*** Opening of Data extract ***

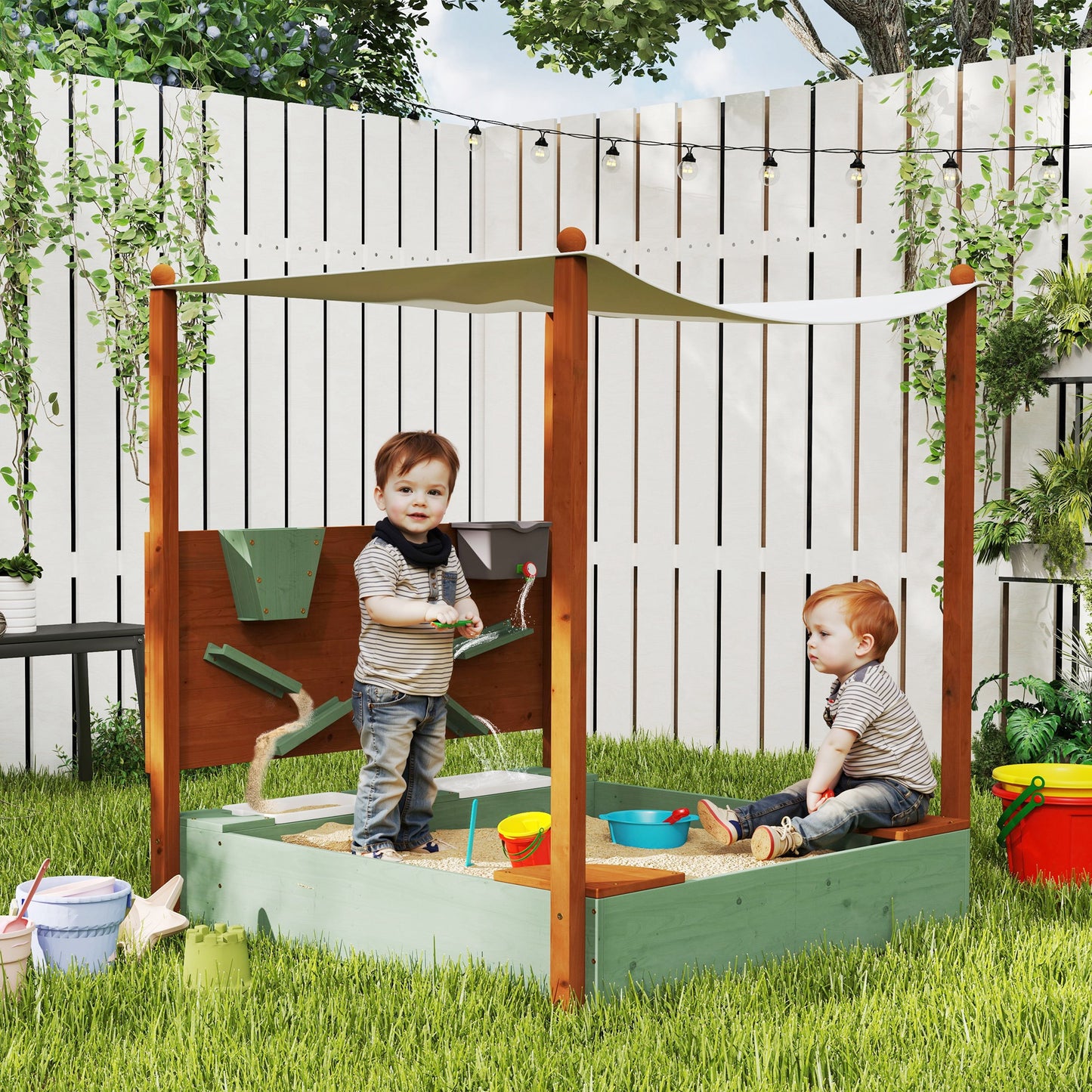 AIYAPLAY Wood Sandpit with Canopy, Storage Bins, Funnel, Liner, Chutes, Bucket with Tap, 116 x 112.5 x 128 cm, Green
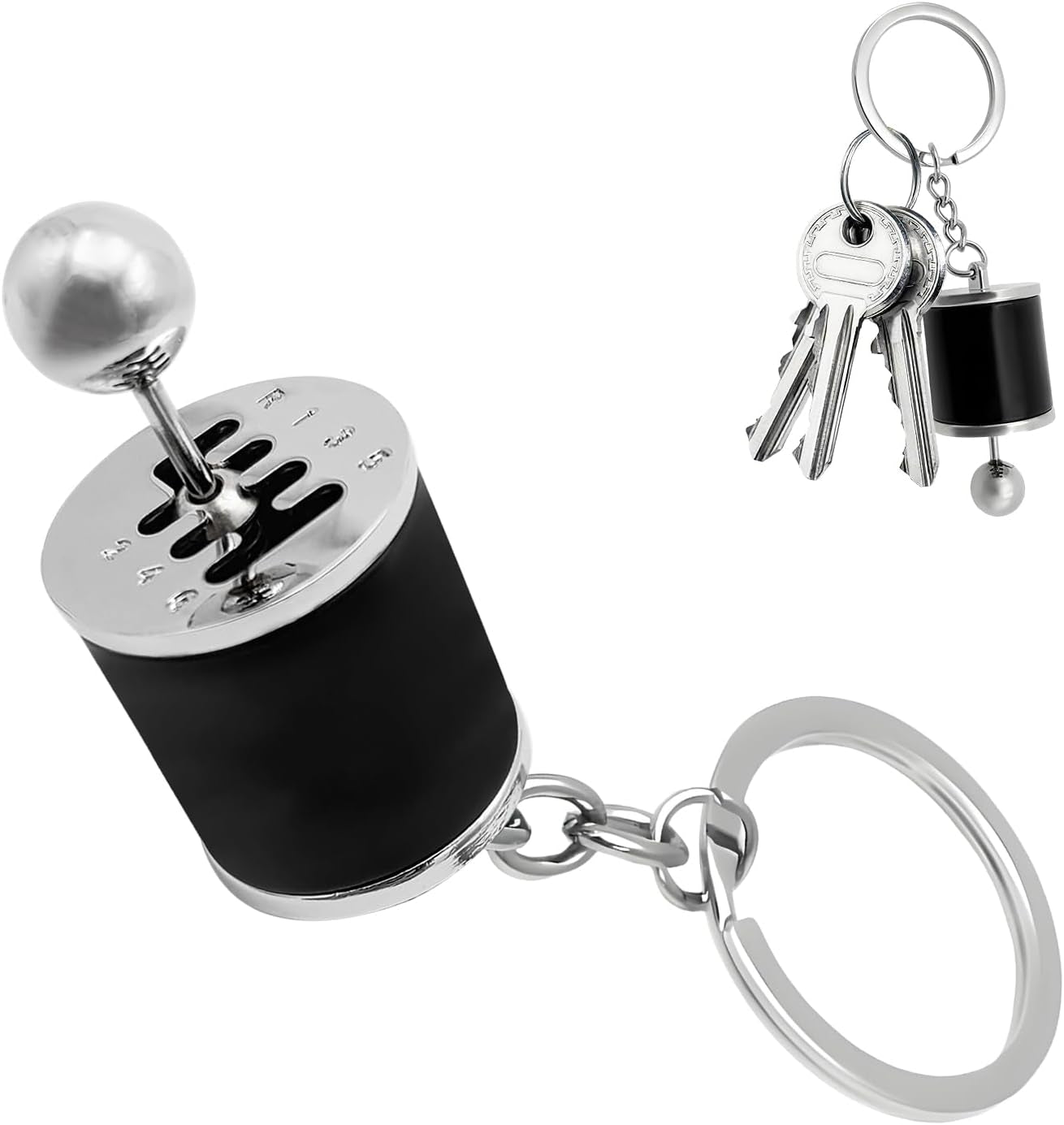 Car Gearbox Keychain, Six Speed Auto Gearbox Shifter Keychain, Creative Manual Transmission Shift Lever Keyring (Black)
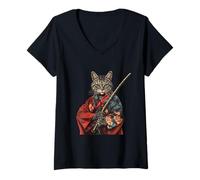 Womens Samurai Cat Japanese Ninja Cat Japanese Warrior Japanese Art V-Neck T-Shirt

*** Close of Data extract ***

Exercise details: Return every line above verbatim, pictures excluded.

Output of the exercise:
 AIYAPLAY Wood Sandpit with Canopy, Storage Bins, Funnel, Liner, Chutes, Bucket with Tap, 116 x 112.5 x 128 cm, Green
 Car Gearbox Keychain, Six Speed Auto Gearbox Shifter Keychain, Creative Manual Transmission Shift Lever Keyring (Black)
 Womens Samurai Cat Japanese Ninja Cat Japanese Warrior Japanese Art V-Neck T-Shirt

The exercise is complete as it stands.